If you asked me if I was a feminist in high school, I would have answered, “Probably.” I figured that because I was a girl and I believed in equality.
In university, without a grasp on what feminism actually was, I was surprised when one of my female professors she said she believed in women’s rights but didn’t consider herself a feminist.
Why didn’t she identify herself as a feminist? Were feminists actually… bad? Did I want to be labeled one?
Conversations with women and gender studies students gave me an inkling that feminism was something I still had a lot to learn about. Now, at the beginning of my journey into feminism, I refer to Bell Hook’s definition in her book Feminism is For Everybody: “Feminism is a movement to end sexism, sexist exploitation, and oppression.”

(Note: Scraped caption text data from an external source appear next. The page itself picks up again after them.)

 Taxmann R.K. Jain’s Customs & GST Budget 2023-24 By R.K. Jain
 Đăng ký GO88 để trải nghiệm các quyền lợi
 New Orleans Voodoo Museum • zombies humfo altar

Perhaps much of our media has exposed us to images of “extreme feminists,” women who shun traditional roles and come across as anti-male.
According to Hooks, feminism isn’t against men. Feminism is against patriarchy, another name for institutionalized sexism. Hook writes that we “are all participants in perpetuating sexism until we change our minds and hearts; until we let go of sexist thought and action and replace it with feminist thought and action”.

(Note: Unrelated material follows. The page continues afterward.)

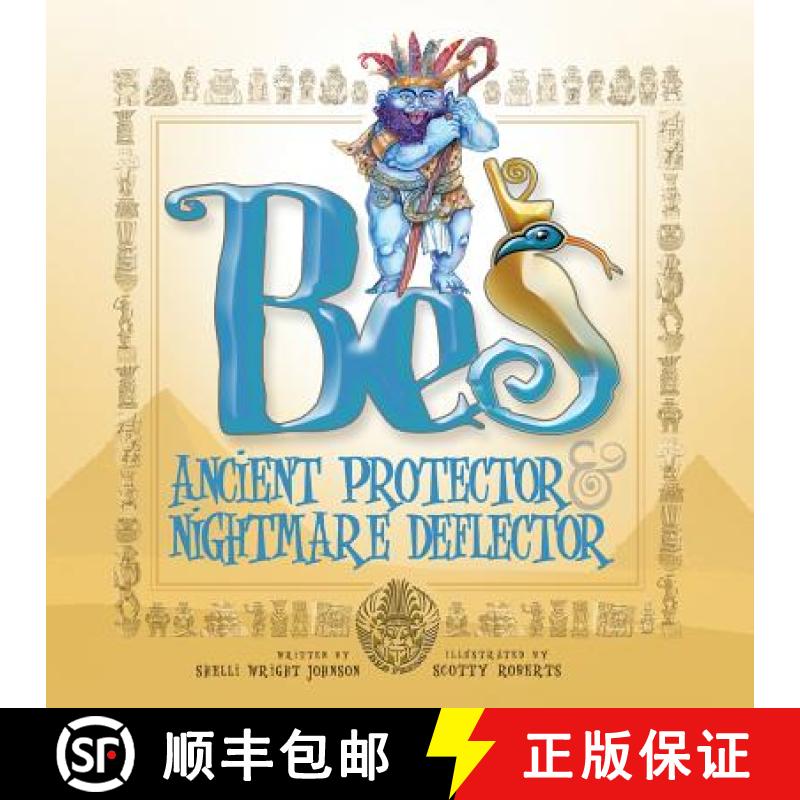 【3-4周达】Bes: Ancient Protector & Nightmare Deflector [9780998723617]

For me, traveling on the path of feminism means reading Hook’s handbook. It means Googling a lot of new terms and words. It means finding feminist authors to read. It means learning about the role that intersectionality and privilege play in each individual’s experience. It means reflecting on how the media content I consume creates the world around me and affects my understanding of it.
Ask me now, “Are you a feminist?” and I’ll proudly answer, “Yes.”